* **ACTIVITY**:
Your answer should hold exactly the lines below from the line with "BOX OF NEW PET SUPPLIES" through the line with "Handgemachte rote Polka", both included, and no pictures at all.

━━━━━━━━━━

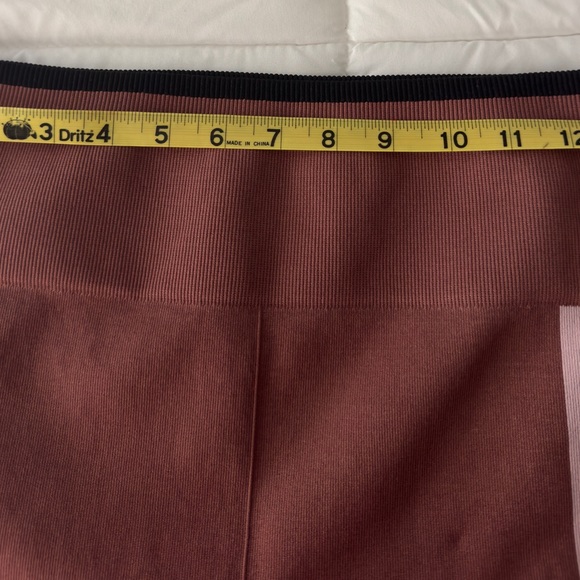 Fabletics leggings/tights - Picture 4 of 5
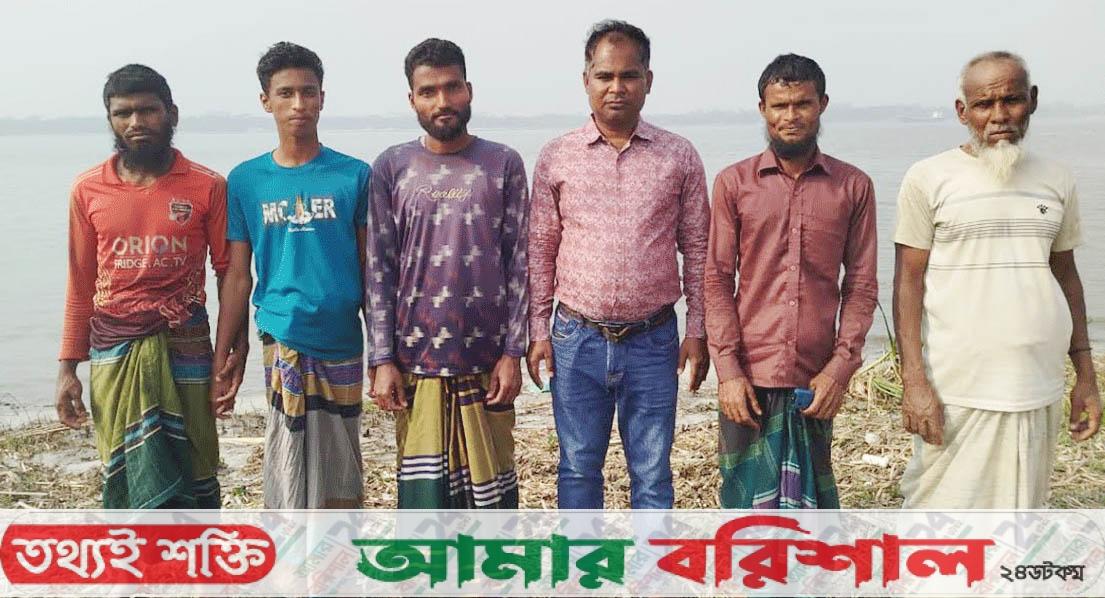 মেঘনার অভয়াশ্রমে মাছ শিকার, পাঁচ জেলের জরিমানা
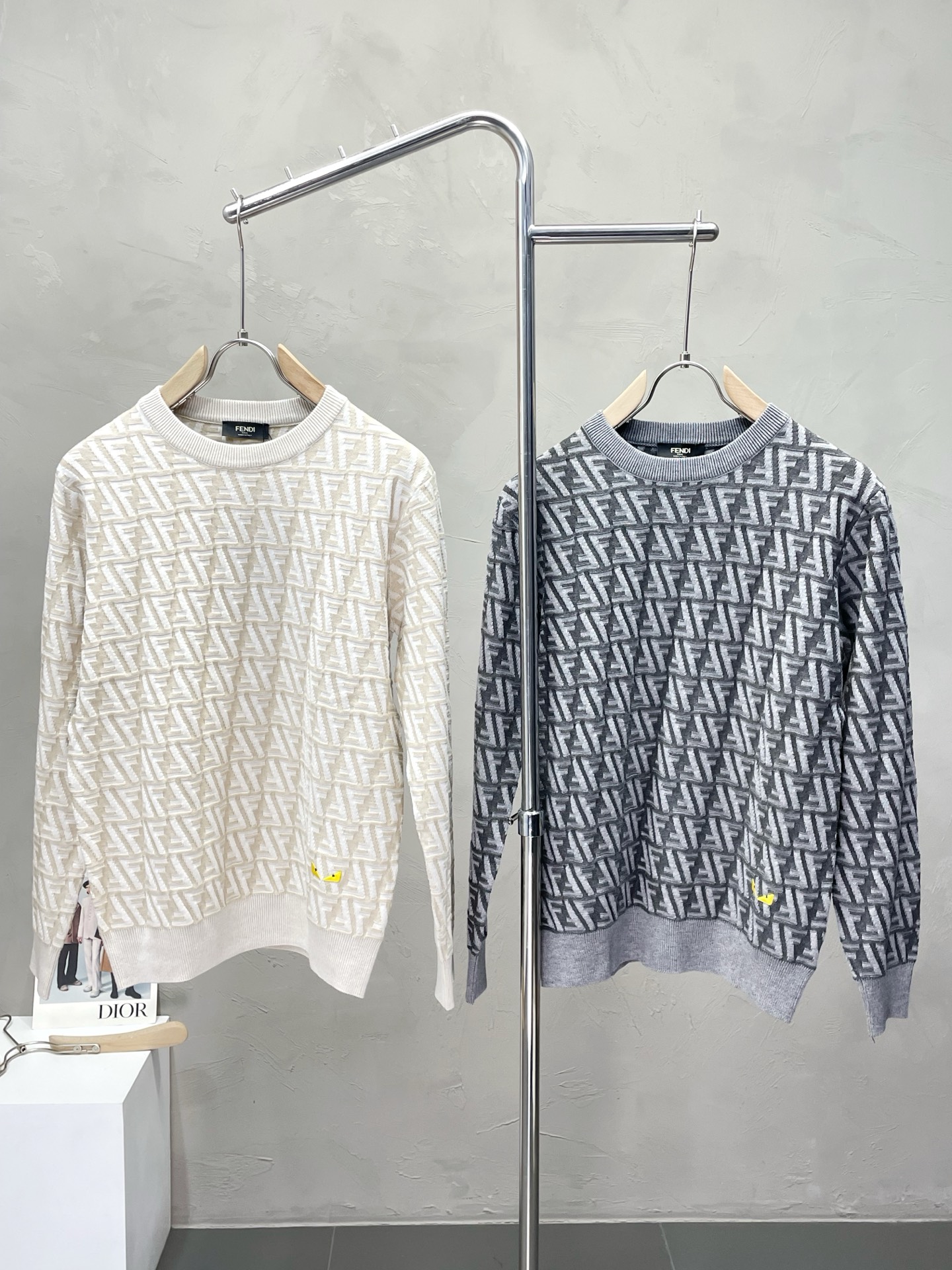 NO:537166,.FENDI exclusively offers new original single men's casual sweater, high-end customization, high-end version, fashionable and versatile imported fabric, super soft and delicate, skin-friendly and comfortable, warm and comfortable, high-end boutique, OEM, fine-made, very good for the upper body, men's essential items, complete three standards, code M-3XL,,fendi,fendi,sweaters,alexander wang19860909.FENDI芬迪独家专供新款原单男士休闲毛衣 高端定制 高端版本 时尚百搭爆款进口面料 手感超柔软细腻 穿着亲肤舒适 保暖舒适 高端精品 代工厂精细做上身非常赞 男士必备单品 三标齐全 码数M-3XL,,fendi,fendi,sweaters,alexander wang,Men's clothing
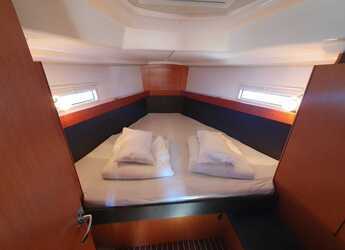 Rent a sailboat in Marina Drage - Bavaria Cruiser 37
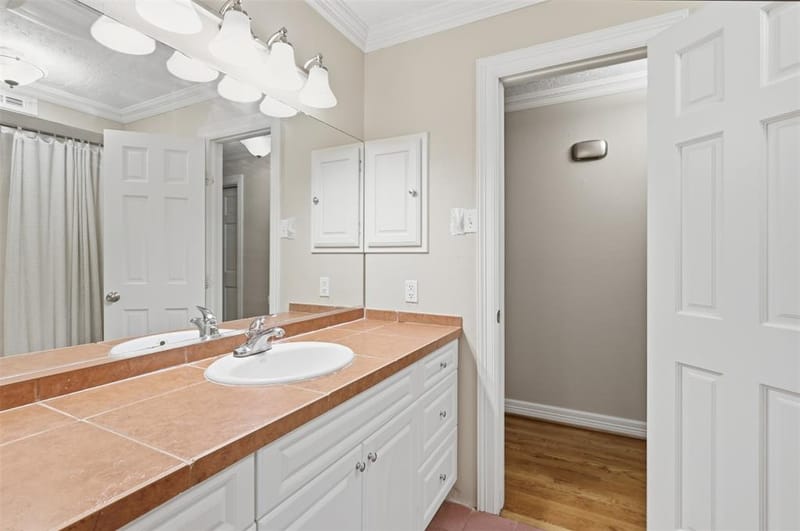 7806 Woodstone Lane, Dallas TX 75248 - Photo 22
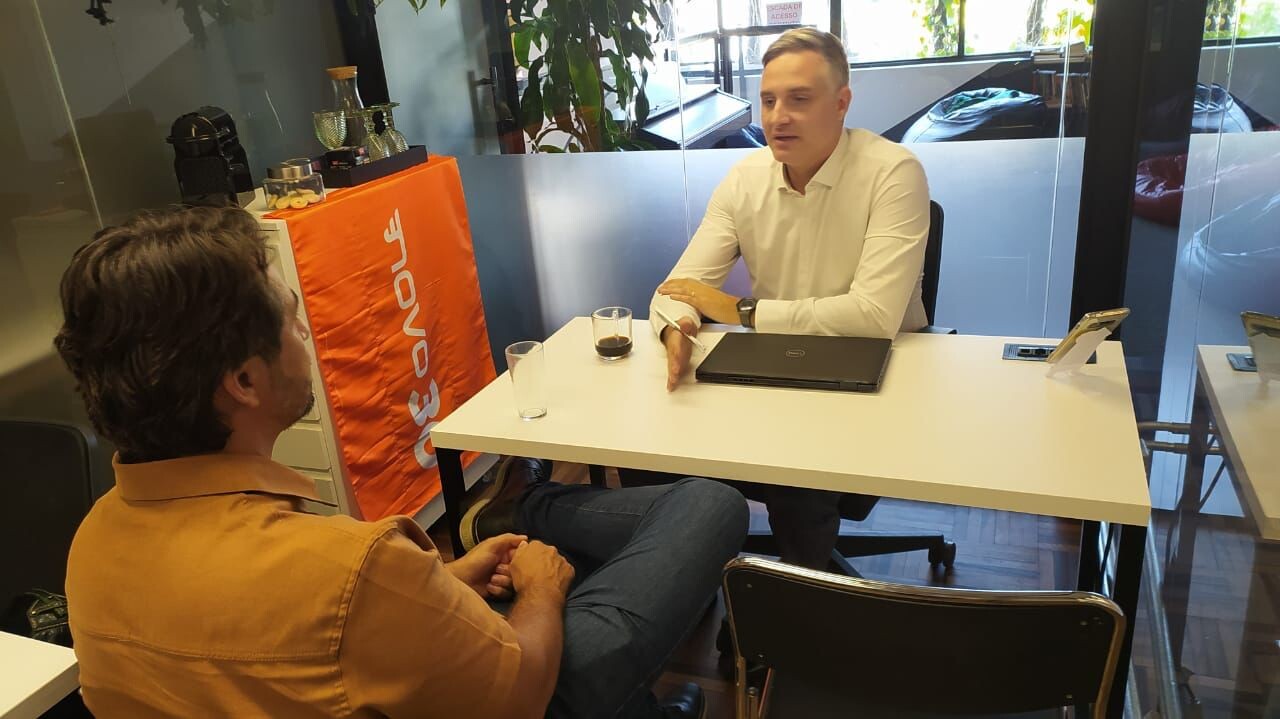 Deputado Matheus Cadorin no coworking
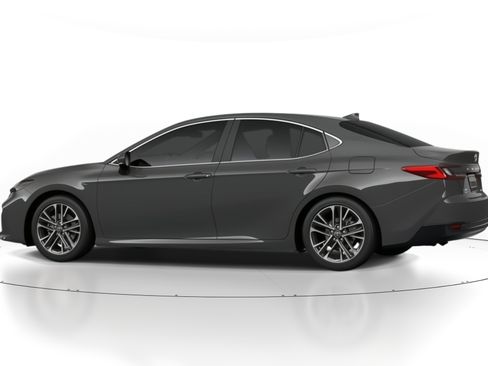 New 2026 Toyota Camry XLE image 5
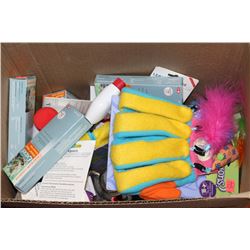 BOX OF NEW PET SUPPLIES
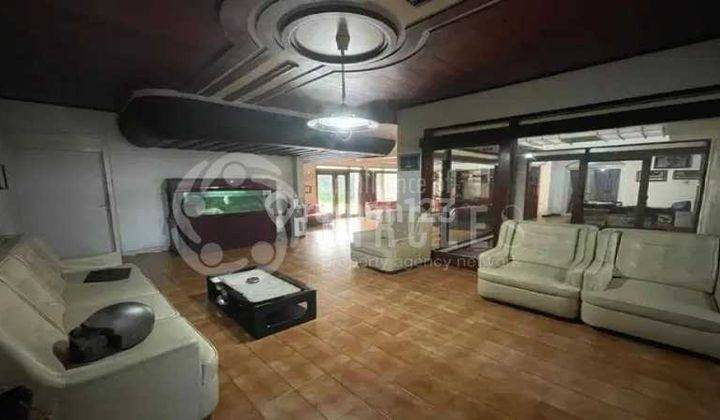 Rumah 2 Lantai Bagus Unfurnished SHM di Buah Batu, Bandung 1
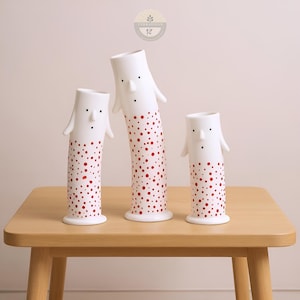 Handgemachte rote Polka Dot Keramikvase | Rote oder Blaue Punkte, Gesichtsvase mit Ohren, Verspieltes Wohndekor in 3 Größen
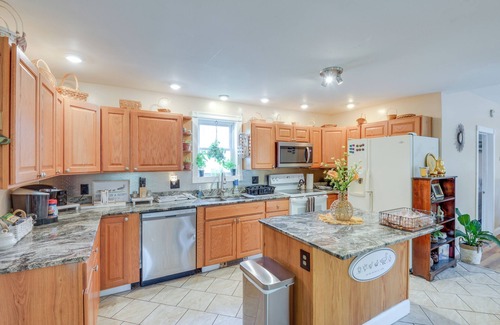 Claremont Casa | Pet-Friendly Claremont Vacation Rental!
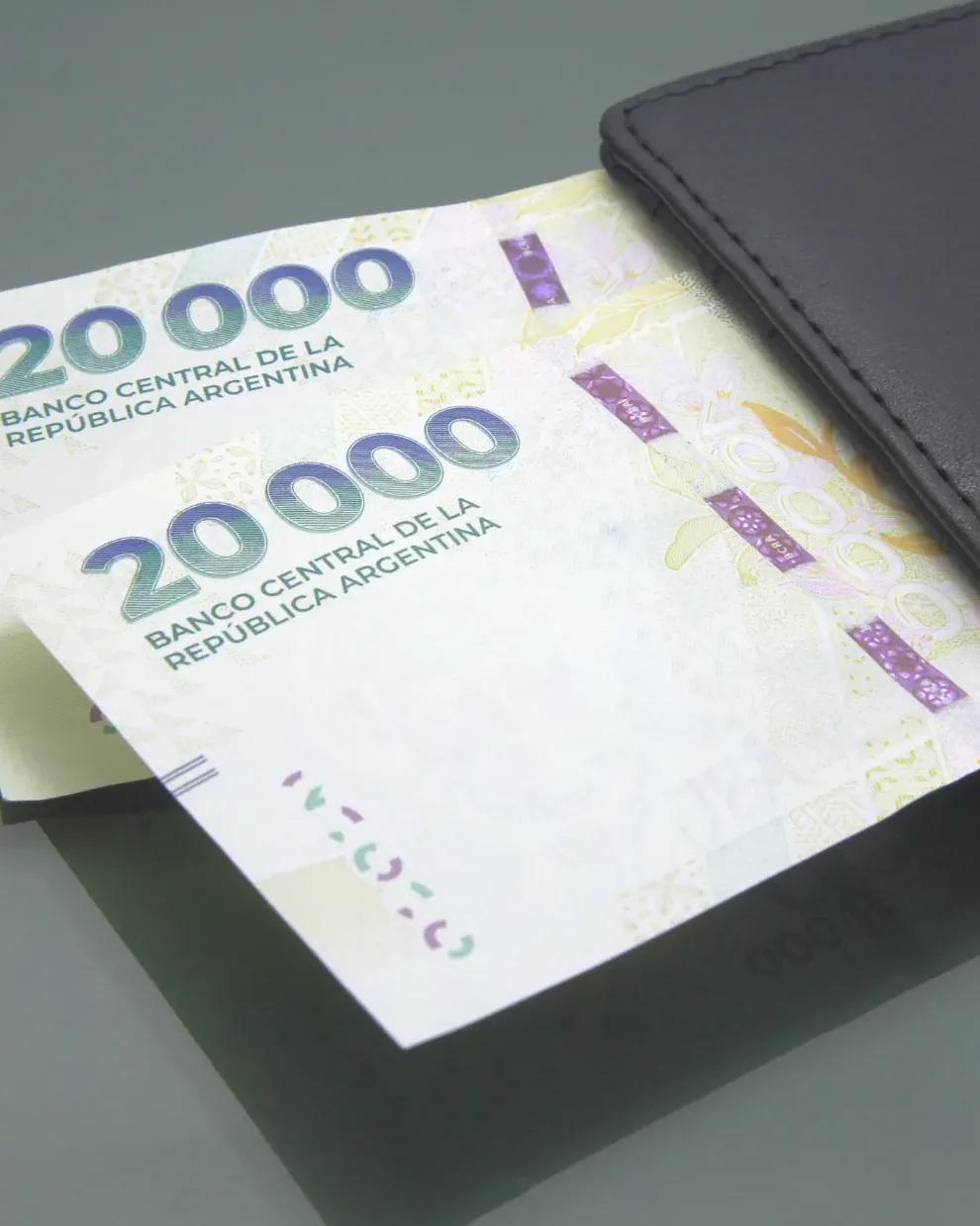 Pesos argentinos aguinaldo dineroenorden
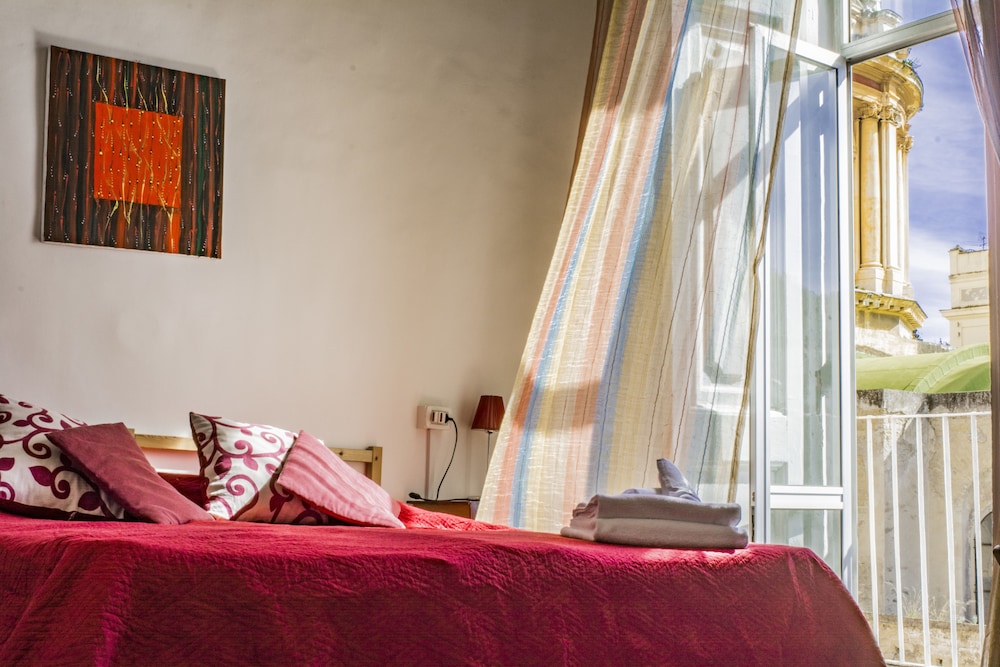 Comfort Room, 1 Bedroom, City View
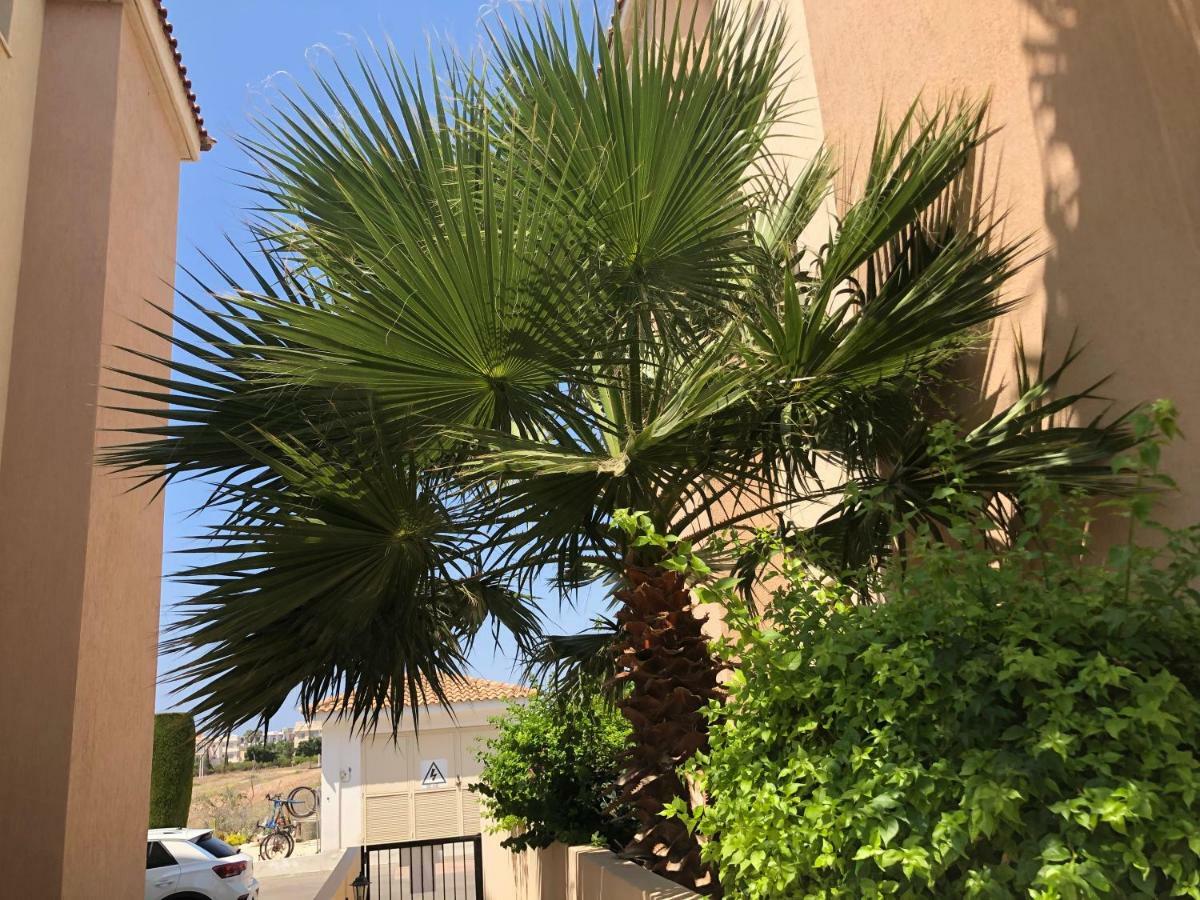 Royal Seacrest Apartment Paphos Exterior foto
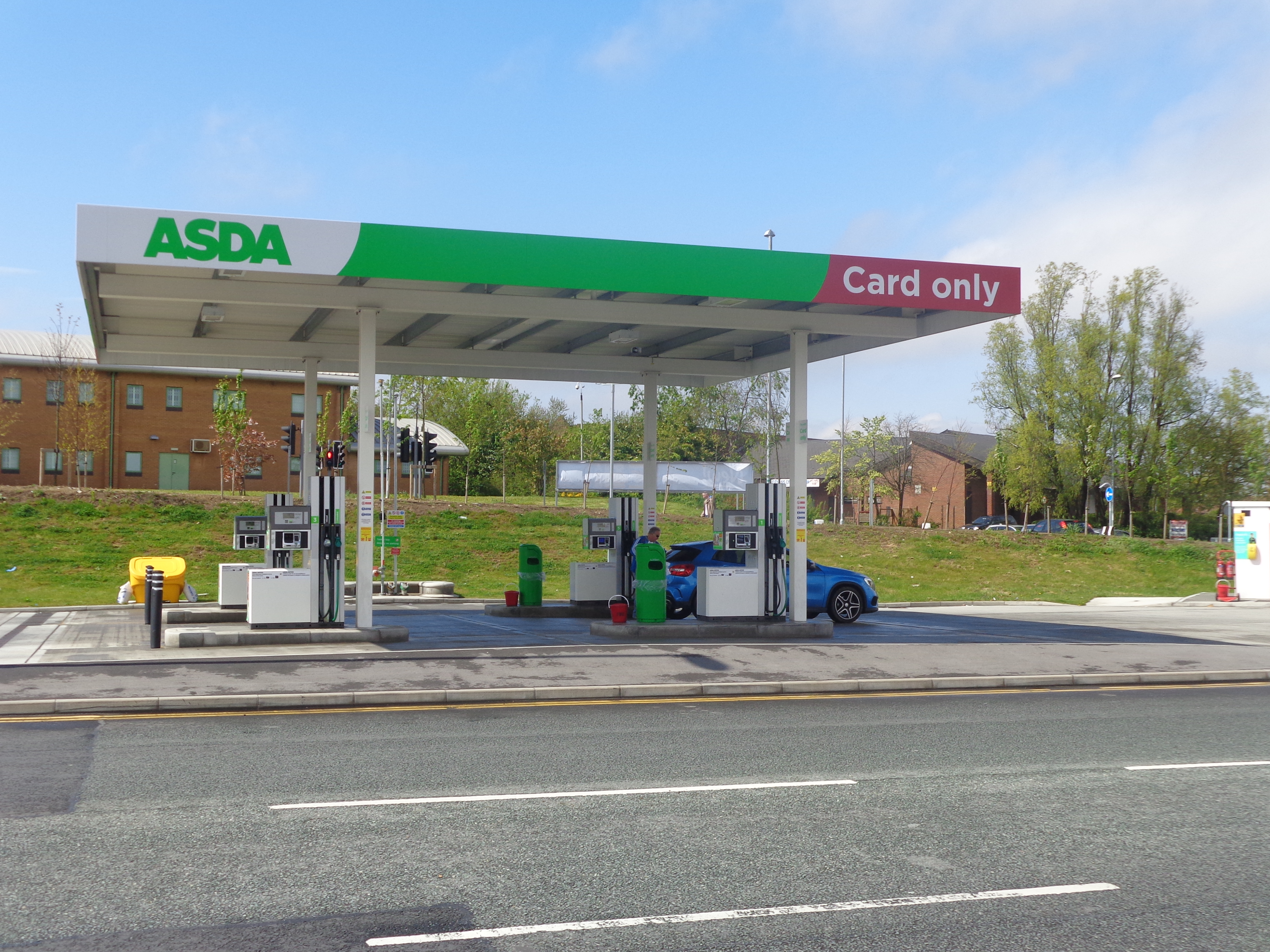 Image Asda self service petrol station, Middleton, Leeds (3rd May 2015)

━━━━━━━━━━

* **THE ANSWER**:
 BOX OF NEW PET SUPPLIES
 Rumah 2 Lantai Bagus Unfurnished SHM di Buah Batu, Bandung 1
 Handgemachte rote Polka Dot Keramikvase | Rote oder Blaue Punkte, Gesichtsvase mit Ohren, Verspieltes Wohndekor in 3 Größen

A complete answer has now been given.